[time-nuts] Monitoring the Rapco 1804M - how antenna changes affect the unit
dave.martindale at gmail.com
Wed Nov 2 12:55:37 EDT 2011
By the way, this doesn't mean that the GA-27 is a poor antenna design,
it's just not the best antenna choice for this situation.
The GA-27 is intended as an external antenna for Garmin's handheld
receivers, which normally operate with passive patch or helix
antennas. So the receiver itself needs to be sensitive enough to work
well when an unamplified antenna is connected directly to the
receiver, and the GA-27 preamp only needs to provide enough gain to
overcome the losses in the cable plus a bit more. Additional gain
could be detrimental in some circumstances (e.g. when placed near
transmitting antennas on a vehicle), so the GA-27 might well be the
best antenna for the Garmin handheld receivers.
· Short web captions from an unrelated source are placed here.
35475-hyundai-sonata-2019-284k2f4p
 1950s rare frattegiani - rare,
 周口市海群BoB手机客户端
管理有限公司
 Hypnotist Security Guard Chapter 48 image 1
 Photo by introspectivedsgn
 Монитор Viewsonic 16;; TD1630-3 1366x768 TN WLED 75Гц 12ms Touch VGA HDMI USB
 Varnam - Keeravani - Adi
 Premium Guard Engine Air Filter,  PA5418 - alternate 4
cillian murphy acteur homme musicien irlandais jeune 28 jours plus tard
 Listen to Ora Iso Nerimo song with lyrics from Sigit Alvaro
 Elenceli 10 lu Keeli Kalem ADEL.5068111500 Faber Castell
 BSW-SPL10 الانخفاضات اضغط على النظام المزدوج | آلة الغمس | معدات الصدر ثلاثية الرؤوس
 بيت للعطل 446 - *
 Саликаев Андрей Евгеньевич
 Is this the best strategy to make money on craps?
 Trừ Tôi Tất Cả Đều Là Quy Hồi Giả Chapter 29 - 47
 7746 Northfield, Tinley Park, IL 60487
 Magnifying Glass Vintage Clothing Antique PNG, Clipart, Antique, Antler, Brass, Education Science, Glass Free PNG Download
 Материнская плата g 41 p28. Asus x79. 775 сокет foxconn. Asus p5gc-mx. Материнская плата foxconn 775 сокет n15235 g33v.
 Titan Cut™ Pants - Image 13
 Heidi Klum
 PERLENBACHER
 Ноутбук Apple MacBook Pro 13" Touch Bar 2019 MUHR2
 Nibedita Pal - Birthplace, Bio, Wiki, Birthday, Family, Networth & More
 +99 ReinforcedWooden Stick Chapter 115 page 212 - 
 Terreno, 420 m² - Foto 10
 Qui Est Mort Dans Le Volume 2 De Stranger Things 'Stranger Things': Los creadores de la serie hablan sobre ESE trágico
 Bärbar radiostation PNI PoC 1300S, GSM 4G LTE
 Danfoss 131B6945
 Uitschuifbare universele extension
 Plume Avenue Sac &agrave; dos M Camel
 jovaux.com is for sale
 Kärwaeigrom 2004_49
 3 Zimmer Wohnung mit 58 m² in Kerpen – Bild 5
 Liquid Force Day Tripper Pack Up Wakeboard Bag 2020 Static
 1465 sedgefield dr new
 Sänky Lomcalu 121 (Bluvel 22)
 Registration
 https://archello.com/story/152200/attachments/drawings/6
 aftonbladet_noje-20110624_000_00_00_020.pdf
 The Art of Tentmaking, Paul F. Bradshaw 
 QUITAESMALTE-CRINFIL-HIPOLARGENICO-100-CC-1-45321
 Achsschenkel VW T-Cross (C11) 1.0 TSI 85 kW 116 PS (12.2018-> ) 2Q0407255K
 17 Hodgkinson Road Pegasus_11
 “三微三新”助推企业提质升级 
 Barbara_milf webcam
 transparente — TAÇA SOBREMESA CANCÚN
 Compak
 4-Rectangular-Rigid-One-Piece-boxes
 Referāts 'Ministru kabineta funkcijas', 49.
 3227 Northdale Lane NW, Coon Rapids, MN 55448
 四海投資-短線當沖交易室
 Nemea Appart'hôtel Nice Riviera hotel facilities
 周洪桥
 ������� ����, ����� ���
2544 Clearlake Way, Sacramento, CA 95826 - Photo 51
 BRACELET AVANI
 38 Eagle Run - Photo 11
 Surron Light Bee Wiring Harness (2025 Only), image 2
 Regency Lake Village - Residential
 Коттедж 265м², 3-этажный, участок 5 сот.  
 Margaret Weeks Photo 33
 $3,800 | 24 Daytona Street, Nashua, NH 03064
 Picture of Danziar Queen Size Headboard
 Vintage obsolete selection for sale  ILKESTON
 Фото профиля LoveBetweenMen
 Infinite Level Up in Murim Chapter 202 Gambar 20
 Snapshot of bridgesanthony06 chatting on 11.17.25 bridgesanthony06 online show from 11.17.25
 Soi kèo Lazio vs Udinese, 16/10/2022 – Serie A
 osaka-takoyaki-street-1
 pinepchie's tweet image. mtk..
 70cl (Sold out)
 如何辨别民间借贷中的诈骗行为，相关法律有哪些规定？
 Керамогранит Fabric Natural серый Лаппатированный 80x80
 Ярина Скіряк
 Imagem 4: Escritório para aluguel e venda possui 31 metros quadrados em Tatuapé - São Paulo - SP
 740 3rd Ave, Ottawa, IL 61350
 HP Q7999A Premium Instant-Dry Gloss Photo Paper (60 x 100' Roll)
But a GPS board module is intended to be built into some piece of
equipment, and probably expected to always be fed from a remote
amplified antenna, never a local passive antenna. In those
circumstances, it makes sense to put all the necessary gain at the
antenna preamp and let the receiver be less sensitive. The
manufacturer will recommend some antenna for use with the receiver,
and though you don't usually have to use that particular antenna, it's
probably a good idea for your antenna/cable/splitter setup to provide
roughly the same signal level at the receiver.
On Wed, Nov 2, 2011 at 01:19, David J Taylor
<david-taylor at blueyonder.co.uk> wrote:
>> I've made a small Web page describing what happened when I changed the
>> puck antenna on a Rapco 1804M for a more sensitive one. The Rapco 1804M
>> expects a big outside antenna.
> This page has now been updated to provide a comparison between three puck
> antennas - the Garmin GA 27 (BNC), a 3rd-party low-cost puck, and a Gilsson
> puck antenna. It seems that the even higher signal level from the Gilsson
> benefits the 1804M more than the other two.